- Daily Zen
Deutsche Bank AG reported a fall in its first-quarter net profit by one-third from a record level a year earlier. Deutsche Bank blames this on the sluggish client activity, which has continued to pressurize investment banking activities across the board and due to exceptional charges has resulted in the bank’s effort to reduce risks.
Outgoing Chief Executive Josef Ackermann said, “We continue to pursue our strategy of reducing legacy risks and strengthening our capital position”. He added that Deutsche Bank still posted “solid results” against the backdrop “of continued caution in global financial markets”.
Less Profits than Expected
The biggest lender of Germany has posted a net profit of 1.38 billion Euros, less than the 1.64 billion Euros what analysts had expected and less than the 2.06 billion Euros last year. The efforts of the bank to lessen the risks and strengthen the capital position led to destruction charge of exceptional 300 million Euros on exiting the exposure to generic drug maker Actavis and 210 million Euros proceeding related expenses.
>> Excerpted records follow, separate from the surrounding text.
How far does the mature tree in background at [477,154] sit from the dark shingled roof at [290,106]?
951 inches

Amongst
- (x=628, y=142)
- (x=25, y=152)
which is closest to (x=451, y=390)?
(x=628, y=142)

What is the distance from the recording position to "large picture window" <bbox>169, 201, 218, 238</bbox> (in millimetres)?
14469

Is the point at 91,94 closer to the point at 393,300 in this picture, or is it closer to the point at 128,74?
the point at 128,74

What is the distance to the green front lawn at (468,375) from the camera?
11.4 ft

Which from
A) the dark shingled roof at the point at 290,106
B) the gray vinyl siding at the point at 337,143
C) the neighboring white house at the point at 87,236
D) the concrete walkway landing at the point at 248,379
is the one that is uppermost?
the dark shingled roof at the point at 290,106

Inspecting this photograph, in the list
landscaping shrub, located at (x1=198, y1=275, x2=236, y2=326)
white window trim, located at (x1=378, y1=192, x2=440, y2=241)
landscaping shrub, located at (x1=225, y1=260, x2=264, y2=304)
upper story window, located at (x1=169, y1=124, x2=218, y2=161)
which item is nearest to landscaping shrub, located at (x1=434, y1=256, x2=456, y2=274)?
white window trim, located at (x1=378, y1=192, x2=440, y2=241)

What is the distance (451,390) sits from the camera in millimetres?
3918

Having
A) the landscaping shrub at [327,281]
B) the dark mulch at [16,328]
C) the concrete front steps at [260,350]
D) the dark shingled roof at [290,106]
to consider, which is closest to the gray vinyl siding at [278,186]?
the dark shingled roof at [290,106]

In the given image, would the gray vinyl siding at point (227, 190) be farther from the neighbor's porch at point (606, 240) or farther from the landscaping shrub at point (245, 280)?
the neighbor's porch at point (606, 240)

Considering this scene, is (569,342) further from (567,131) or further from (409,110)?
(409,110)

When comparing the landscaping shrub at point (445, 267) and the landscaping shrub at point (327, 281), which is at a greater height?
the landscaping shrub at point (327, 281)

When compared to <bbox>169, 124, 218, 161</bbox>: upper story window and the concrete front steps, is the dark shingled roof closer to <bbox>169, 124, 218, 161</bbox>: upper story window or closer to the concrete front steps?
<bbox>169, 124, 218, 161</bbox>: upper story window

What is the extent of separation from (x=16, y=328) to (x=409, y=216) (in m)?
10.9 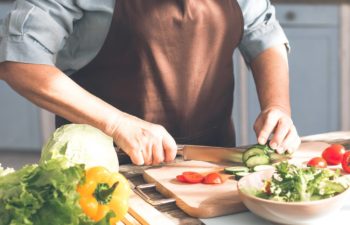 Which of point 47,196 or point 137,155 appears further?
point 137,155

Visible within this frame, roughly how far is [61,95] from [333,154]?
65cm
The narrowly observed pretax profit of 1.88 billion Euros fell short of the agreement estimate of 2.44 billion Euros, although at least rolled back from a loss in 2011’s last quarter, when Deutsche Bank and the banking sector were hit hard by heavy debts from the eurozone debt crisis and a loss in the investment banking unit. Deutsche Bank’s performance reflects one of the Swiss rivals Credit Suisse. It also reported a sharp drop in net profit for the first quarter due to an accounting loss on its own debt and lower revenue at the investment bank.
Investment Banking Revenues Doubled Compared to Previous Quarter
Barclays Capital research note published this week said, “Investment banking revenue at Morgan Stanley, Citigroup, Bank of America, JP Morgan and Goldman Sachs more than doubled compared with the previous quarter and leveled with the first quarter 2011”.
U.S. banks Goldman Sachs, Morgan Stanley and JP Morgan Chase, for now reported surprisingly strong Q1 results as an improvement in capital markets and the economy helped the banks to show a stronger rebound from a lackluster fourth quarter.
Chief Financial Officer Stefan Krause said in an analyst presentation, “Lower year-on-year revenues reflect ongoing uncertain macro environment and deliberately lower inventory and value at risk levels”. Pretax profit in Deutsche Bank’s investment banking unit fell by one quarter to 1.7 billion Euros as revenue in almost every segment declined.
Sluggish client activity and thus falling revenue also affected Deutsche Bank’s private and business client operations, where profit halved to 413 million Euros. On the flipside, the group’s global transaction banking unit increased profit by about one-quarter to 340 million Euros on the back of growth in fee and interest income, the bank said.